### What the exercise asks
Return the listing exactly as it appears, but strip out the images.
*** Information supplied ***
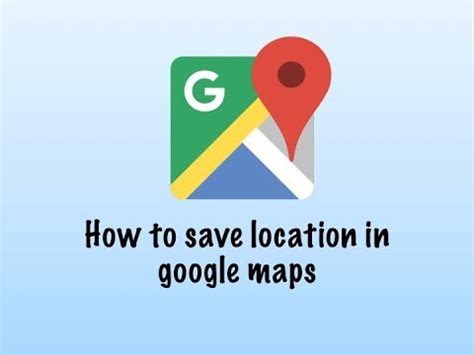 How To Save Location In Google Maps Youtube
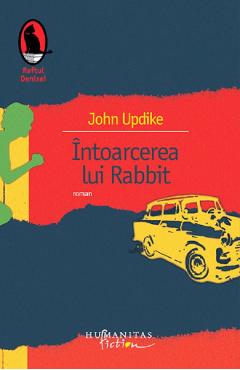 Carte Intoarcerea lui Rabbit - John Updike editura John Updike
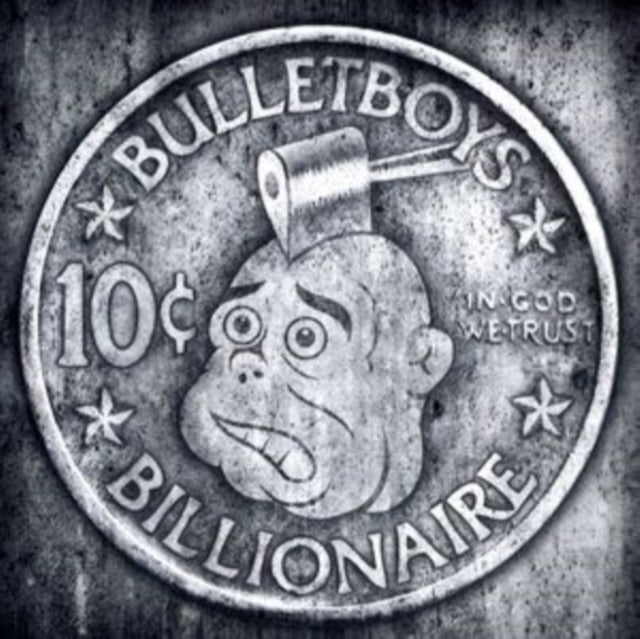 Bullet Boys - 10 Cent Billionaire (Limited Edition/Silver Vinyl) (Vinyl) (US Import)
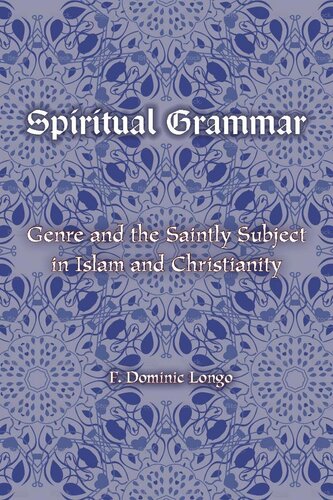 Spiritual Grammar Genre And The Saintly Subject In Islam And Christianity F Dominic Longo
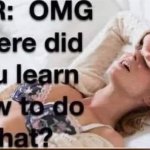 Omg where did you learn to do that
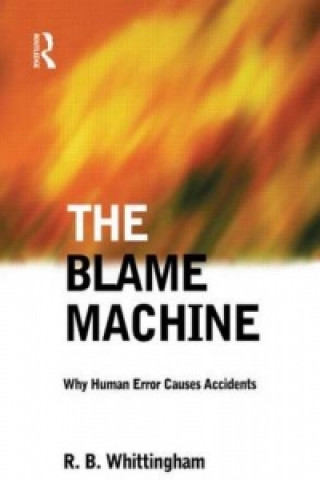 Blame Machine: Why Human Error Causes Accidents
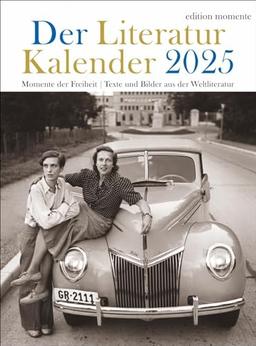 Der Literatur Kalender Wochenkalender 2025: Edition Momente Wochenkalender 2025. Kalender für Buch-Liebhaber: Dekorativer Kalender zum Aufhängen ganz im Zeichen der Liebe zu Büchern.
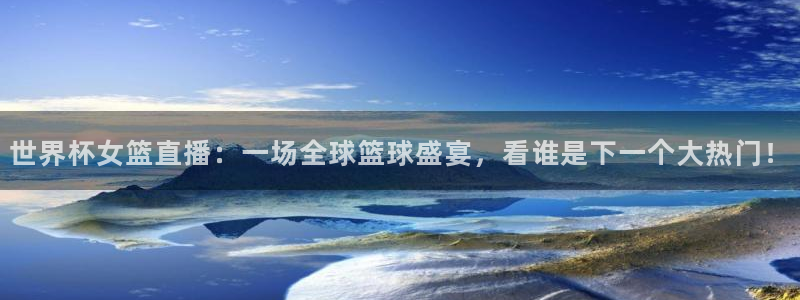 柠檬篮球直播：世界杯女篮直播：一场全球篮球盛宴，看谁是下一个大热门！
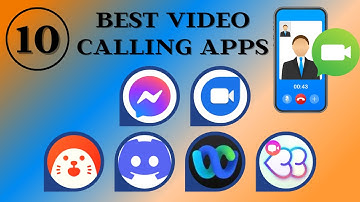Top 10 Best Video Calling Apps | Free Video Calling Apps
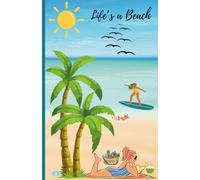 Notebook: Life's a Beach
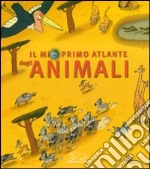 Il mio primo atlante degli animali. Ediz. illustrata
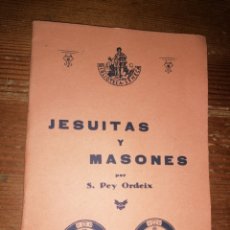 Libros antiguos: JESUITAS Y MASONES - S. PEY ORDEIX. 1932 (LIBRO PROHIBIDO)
*** End of Information supplied ***
### Expected output
 How To Save Location In Google Maps Youtube
 Carte Intoarcerea lui Rabbit - John Updike editura John Updike
 Bullet Boys - 10 Cent Billionaire (Limited Edition/Silver Vinyl) (Vinyl) (US Import)
 Spiritual Grammar Genre And The Saintly Subject In Islam And Christianity F Dominic Longo
 Omg where did you learn to do that
 Blame Machine: Why Human Error Causes Accidents
 Der Literatur Kalender Wochenkalender 2025: Edition Momente Wochenkalender 2025. Kalender für Buch-Liebhaber: Dekorativer Kalender zum Aufhängen ganz im Zeichen der Liebe zu Büchern.
 柠檬篮球直播：世界杯女篮直播：一场全球篮球盛宴，看谁是下一个大热门！
Top 10 Best Video Calling Apps | Free Video Calling Apps
 Notebook: Life's a Beach
 Il mio primo atlante degli animali. Ediz. illustrata
 Libros antiguos: JESUITAS Y MASONES - S. PEY ORDEIX. 1932 (LIBRO PROHIBIDO)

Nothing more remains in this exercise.